The league and its MLSPA should consider working with TST to help highlight the league’s stars and their skills. Open up that weekend to allow the MLS’s top players to participate and dominate.
Perhaps, even consider bringing in the TST short-pitch, no slide tackle, golden-goal ending format into the annual MLS All-Star competition, splitting up the league’s stars into four regional teams like the NHL does for its annual All-Star Showcase — all for a big cash prize or for their team’s chosen charity.
Imagine MLS Commissioner Don Garber wheelbarrowing in a massive pile of cash to the winners.
Now that’s a “Lucky Seven” that MLS, its fans, and its players could embrace.
“Having another tournament option on the calendar for MLS clubs to compete in, gain brand exposure, and possibly take home a treasure chest full of cash for four days’ work is a worthy endeavor.”
I mean, I know you kind of mention it but… that tournament is the U.S. Open Cup.
Honestly turning TST into another tournament for MLS to not care about would ruin the whole thing. The whole point of TBT isn’t to have NBA teams get involved. In fact, the difference between soccer and basketball in the United States is just how many amateur and semi-pro organizations there are. They should be the ones to benefit and compete in TST, not MLS.
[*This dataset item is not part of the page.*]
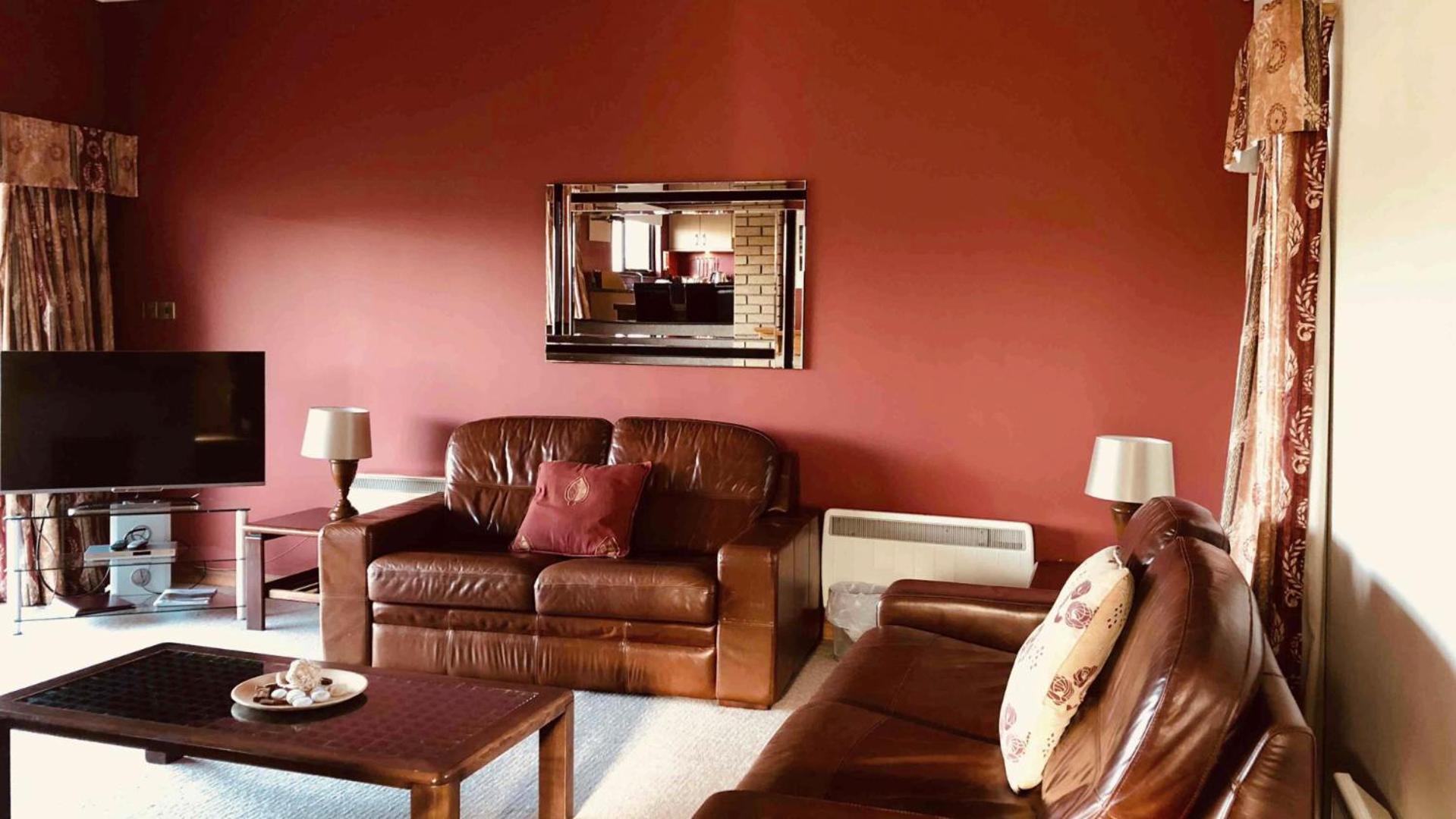 Kilconquhar Castle Estate Bed & Breakfast Ruang foto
The whole point of the Open Cup is the “open” part — any club can compete and win.
The TST is also “open” to anyone that puts up the entrance fee.
When you consider Open Cup is 8 months of competition, in 8 rounds for low-level teams and 6 rounds for MLS clubs for a possible $300,000 to the winner, and TST is one weekend of competition for $1M, the answer of which you should enter is clear.
If TST expands to 64 teams next year, I would not be surprised to see at least 10 MLS teams send a squad of young stars/MLSNP/alums just for the marketing opportunity, to play against European clubs’ sides.
And the NBA teams don’t play in the offseason for their clubs — so they wouldn’t play in the TBT. Besides, almost all NBA’ers make $3M+ in base salary, and you can only win $1M for the whole team in the TBT.